The first blade and the third blade may be connected to a common conductor that passes through the housing. The second blade may be connected to a first conductor that passes through the housing. The common conductor and the first conductor may pass through the single inner space within the housing. The fourth blade may be connected to a second conductor that passes through the housing. The common conductor and the first conductor and the second conductor may pass through the single inner space in the housing. The support structure may have a conductor-receiving groove defined in the support block. At least one of the common conductor, the first conductor, or the second conductor passing through the housing may be received in the conductor-receiving groove.

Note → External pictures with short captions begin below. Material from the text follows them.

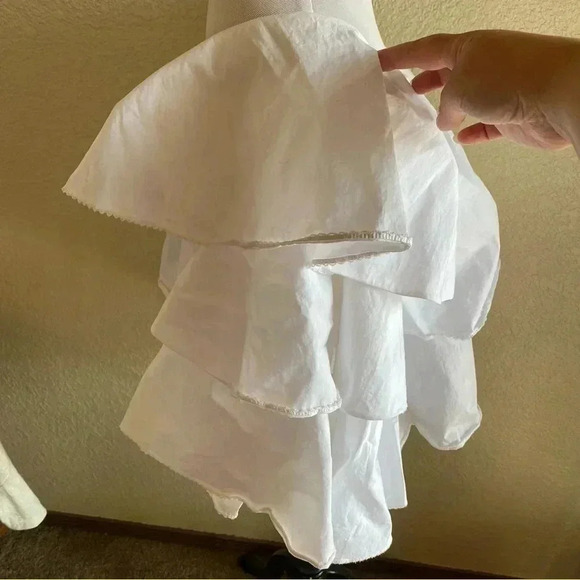 Olivaceous White Cotton Tiered Ruffle Off the Shoulder Top Shirt: Size Large - Picture 4 of 10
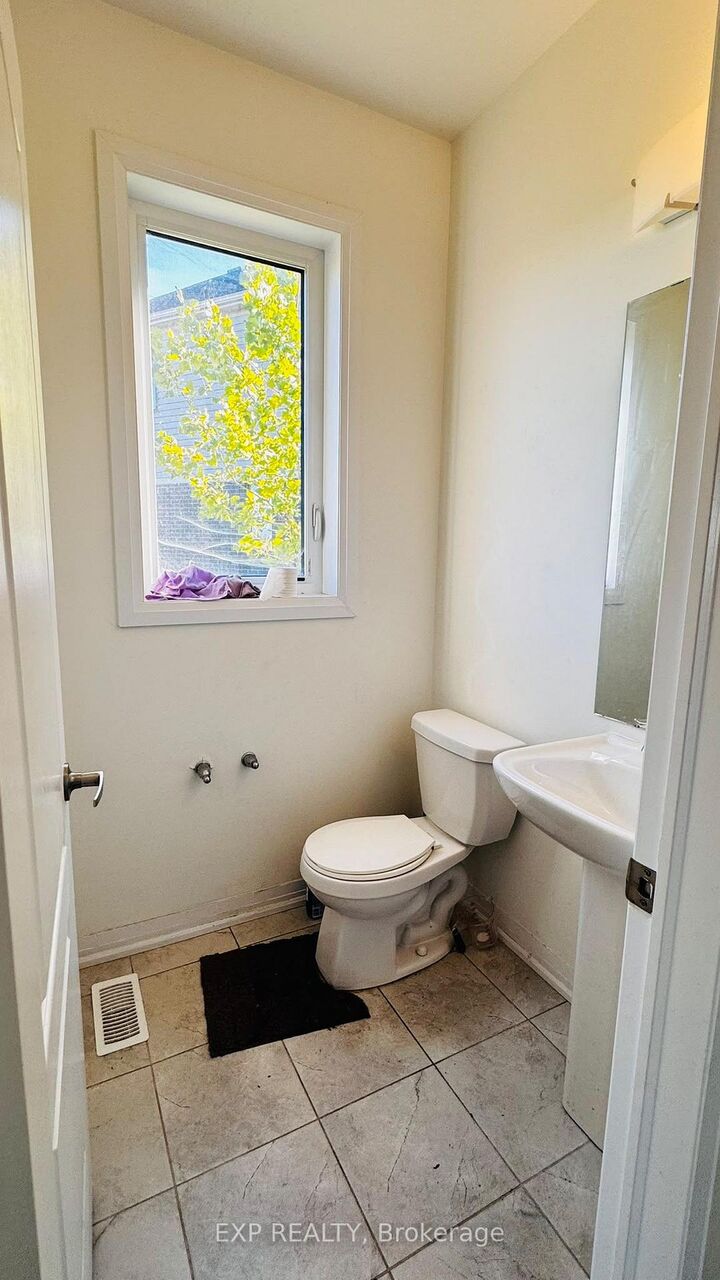 Property Photo:  15 Peach Street 5 #Upper  ON L2V 0P5 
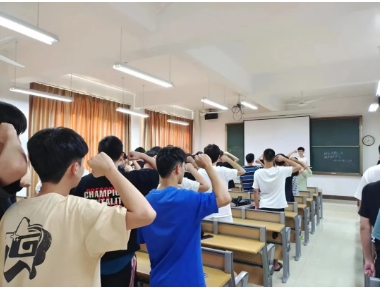 免费观看已满十八岁电视剧动漫版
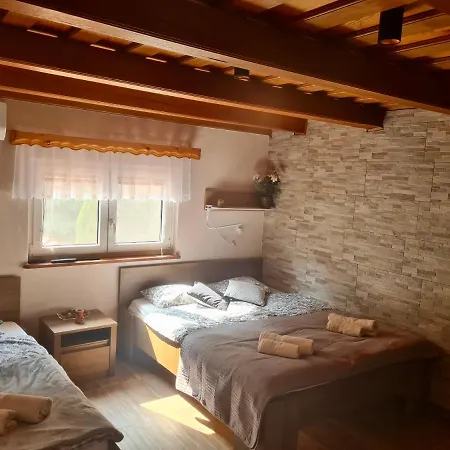 Gozdarjeva Hiska M&k Dobrovnik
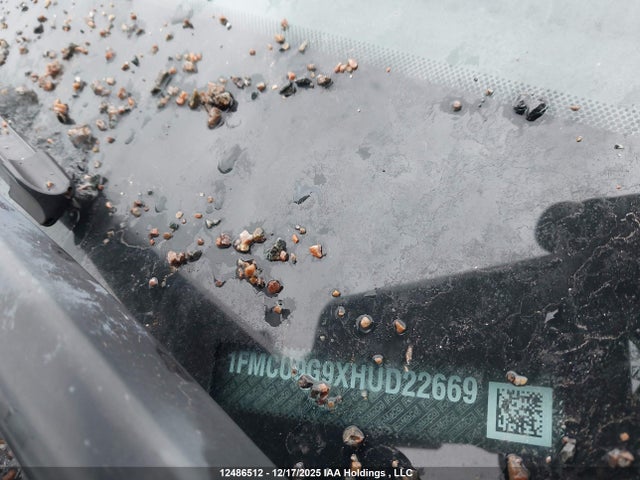 1FMCU9G9XHUD22669 Ford ESCAPE SE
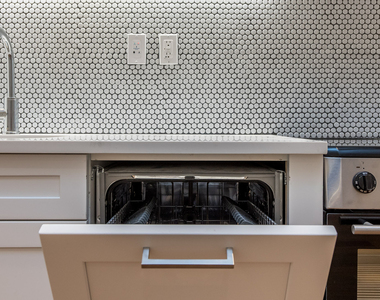 228 Kingsland Ave - Photo Thumbnail 3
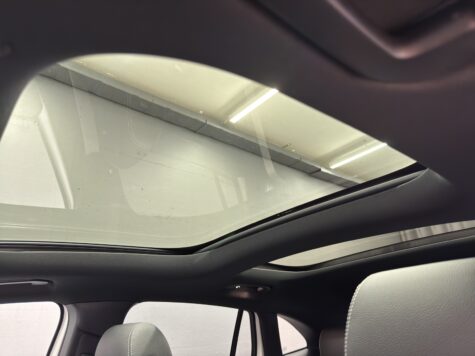 Mercedes-Benz – GLA 250 AMG Line 4Matic Swiss Star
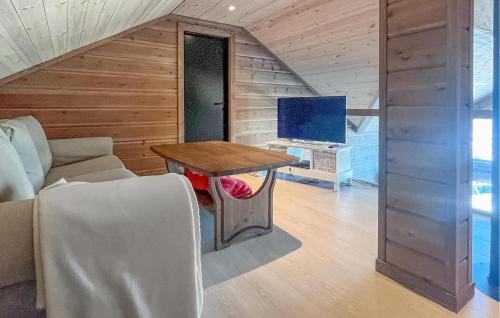 Viesnīcas āriene, 4 Bedroom Lovely Home In Rysstad in Brokke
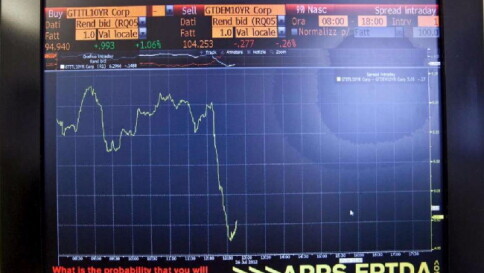 Borsa, nuovo crollo a Piazza Affari Torna incubo spread: risalito a 148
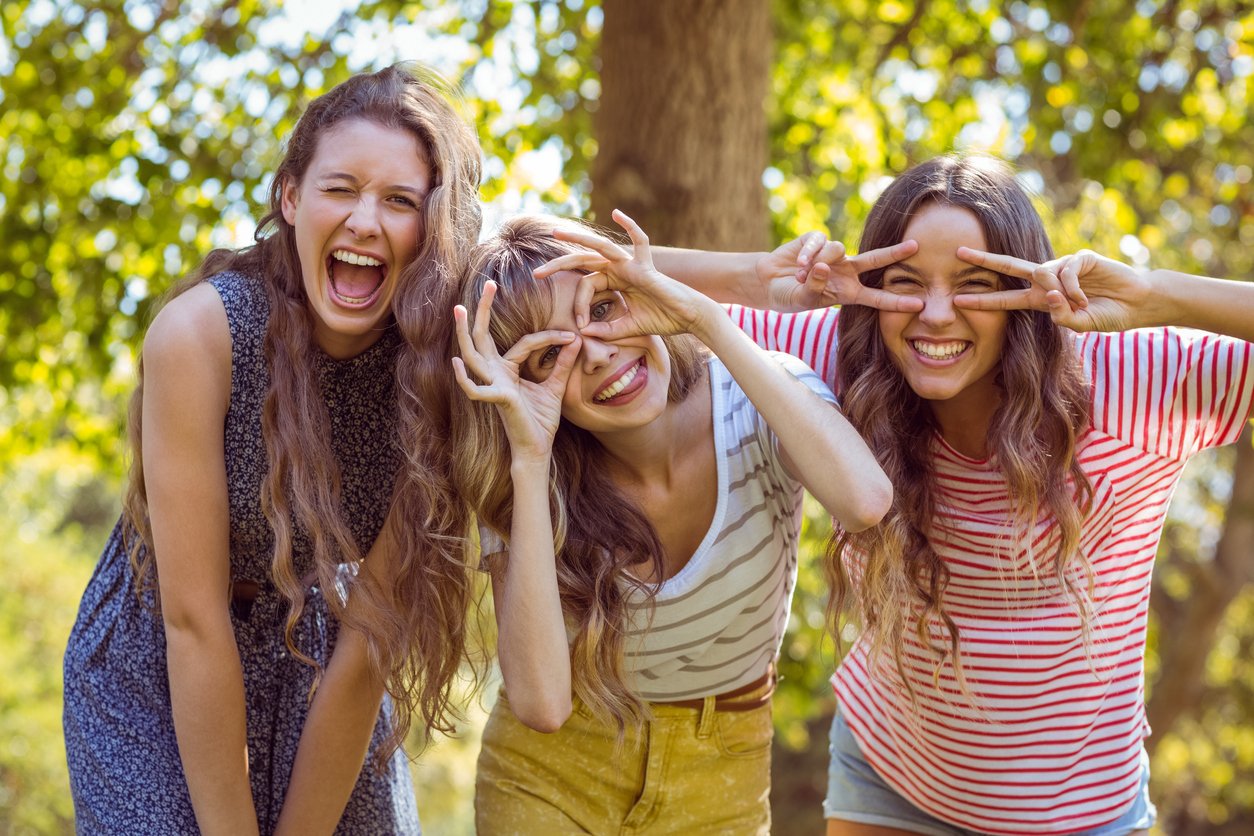 Posing, Social Gathering, Portrait, Teenage Girls, Young Women, Women, Females, Facial Expression, Natural Parkland, 20-24 Years, 20-29 Years, Young Adult, 16-17 Years, 18-19 Years, Teenager, Smiling, Laughing, Caucasian Ethnicity, Togetherness, Joy, Friendship, Bright, Green Color, Nature, Outdoors, Cheerful, Recreational Pursuit, Beard, Long Hair, Human Relationship, Tree, Day, Summer, Spring - Flowing Water, Park - Man Made Space, Hipster, Sunny, Selfie, 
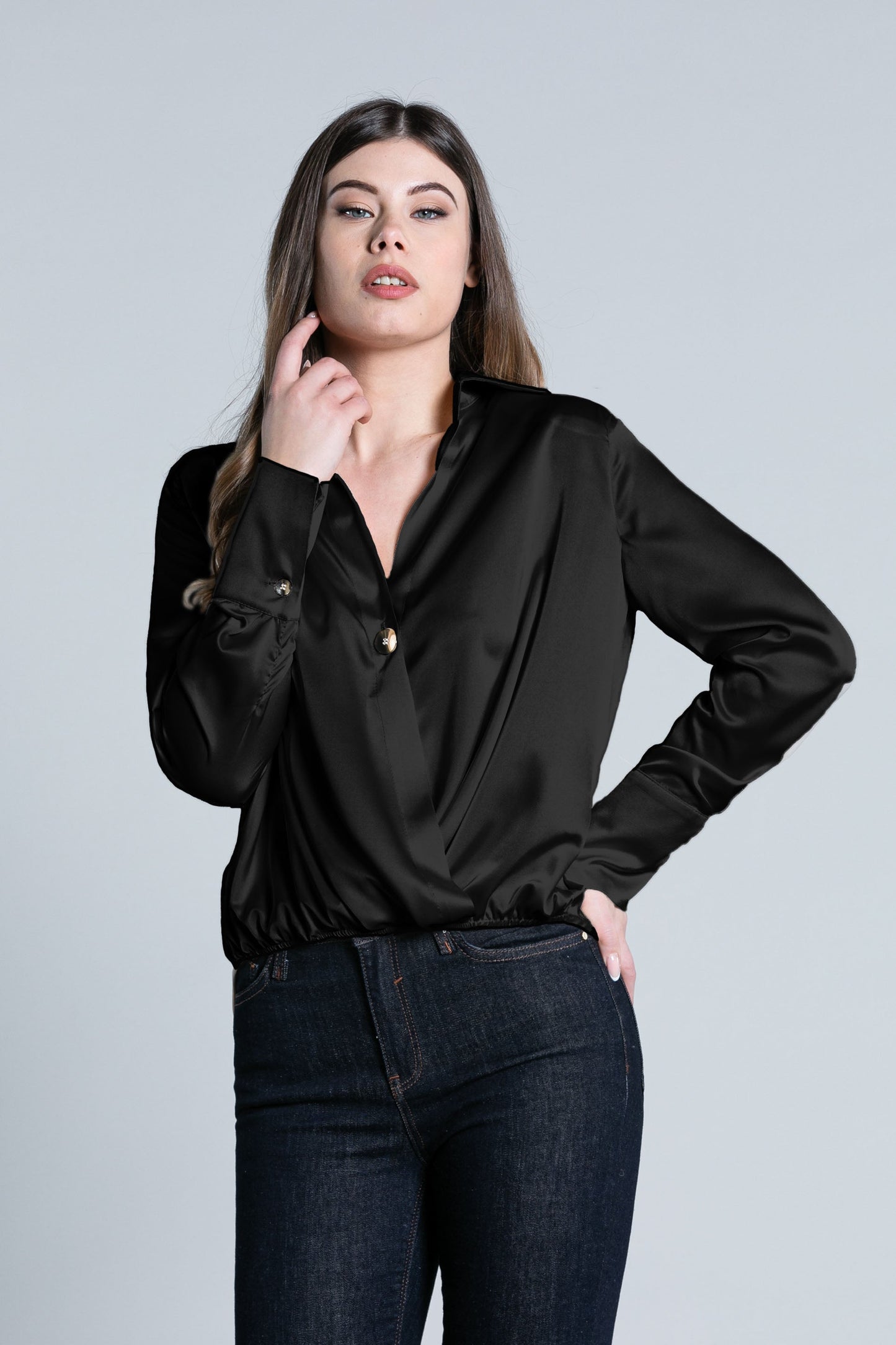 TORAS 衬衫长袖交叉领口带纽扣加不对称松紧带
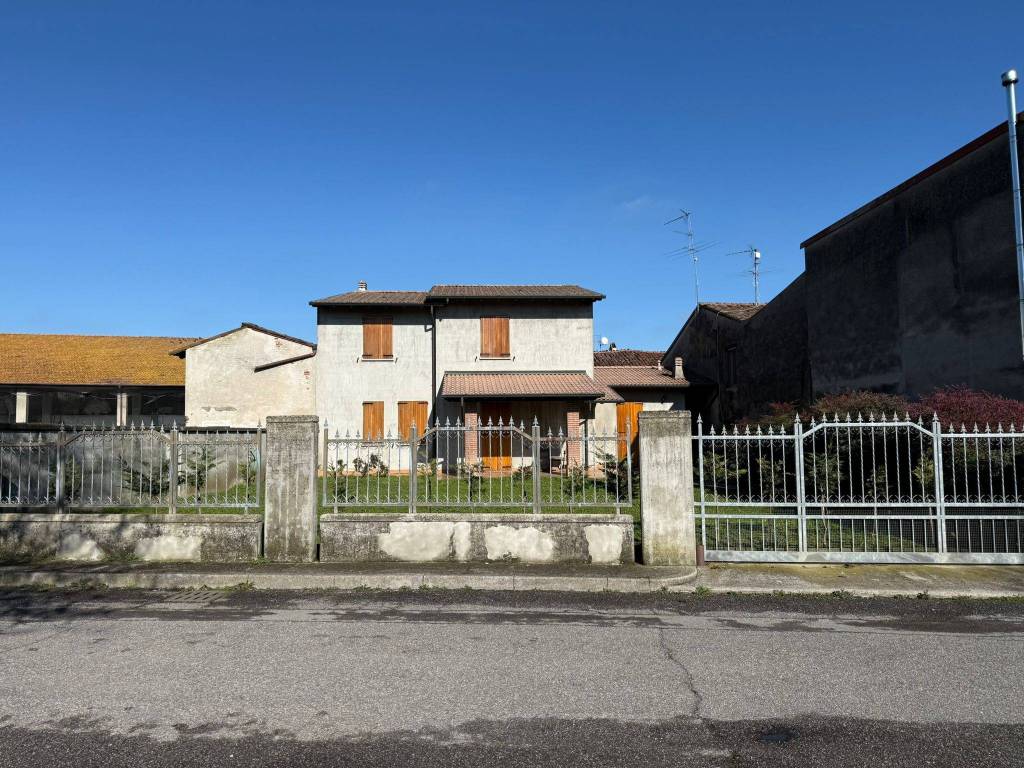 Villa a Corte de' frati in Vicolo Alessandro Volta - Foto 2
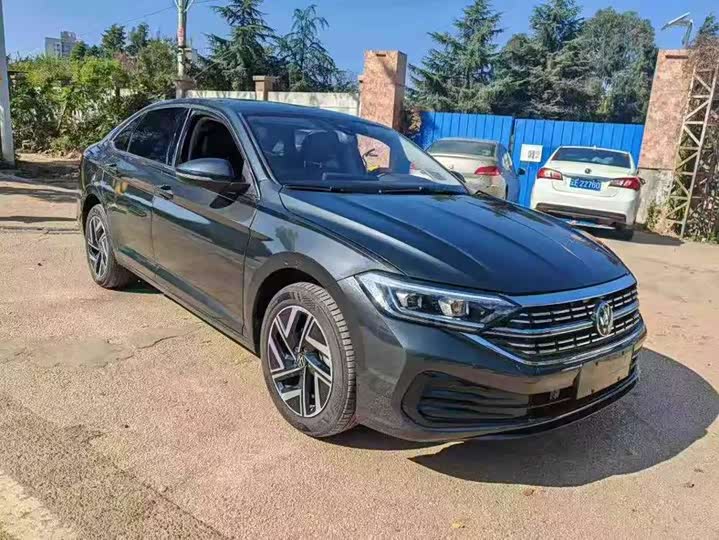 Фото 3 - Volkswagen Sagitar L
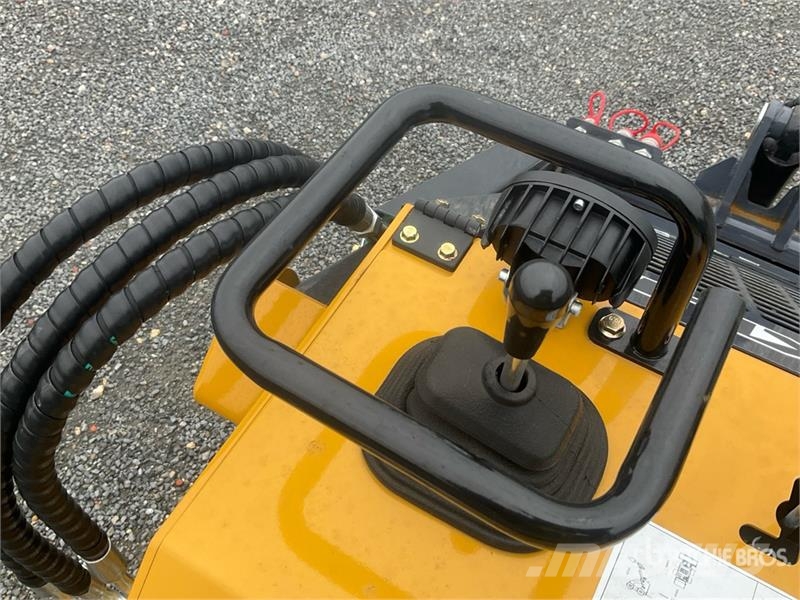 Rexus X480 Mini Compact Track Loader (Unused) Lietoti riteņu kompaktiekrāvēji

At least one of the first to fourth blades may include a blade body. The blade body may be inserted into the slot and is fixed to the support block, and at least a portion of the blade body may be exposed out of the support block. A conductor-receiving portion may extend from the blade body. The conductor-receiving portion may receive a corresponding conductor. The corresponding conductor may pass through the conductor-receiving groove when the blade body is fixed to the support block. The corresponding conductor may be selected from the common conductor, the first conductor, and the second conductor.

The blade body may have a non-interference groove defined therein. The non-interference groove may receive a corresponding conductor and prevent the conductor from interfering with the blade body. The corresponding conductor may be received in the conductor-receiving groove and may be selected from the common conductor, the first conductor, and the second conductor.

The support structure may have a pair of the conductor-receiving grooves spaced apart by a predetermined spacing in a lengthwise direction of the blade body. One conductor-receiving groove of the pair of conductor-receiving grooves may be positioned a greater distance from the actuator than the other conductor-receiving groove thereof. The conductor-receiving portion and the non-interference groove may coincide with the one conductor-receiving groove. A further non-interference groove may be defined to coincide with the other conductor-receiving groove.

Embodiments disclosed herein provide a switch device that may include a first switch including a first blade and a second blade configured to contact or non-contact each other, the first switch being configured to be opened or closed based on a contact or non-contact between the first blade and the second blade; a second switch including a third blade and a fourth blade configured to contact or non-contact each other, the second switch being configured to be opened and closed based on a contact or non-contact between the third blade and the fourth blade; a housing that accommodates the first switch and the second switch therein; and an actuator disposed in the housing and actuated to selectively open and close the first switch and the second switch. Each of the first to fourth blades may be connected to at least one of a common conductor, a first conductor, or a second conductor that passes through the housing. The common conductor, the first conductor, and the second conductor may extend at a same vertical level in the housing and be connected to at least one of the first to fourth blades in a single inner space of the housing.

The housing may include a bottom face on which the first switch, the second switch, and the actuator may be installed, and a sidewall that surrounds the bottom face. Notches may be defined through the sidewall. The notches may define passages through which the common conductors, the first conductor, and the second conductor pass through the housing.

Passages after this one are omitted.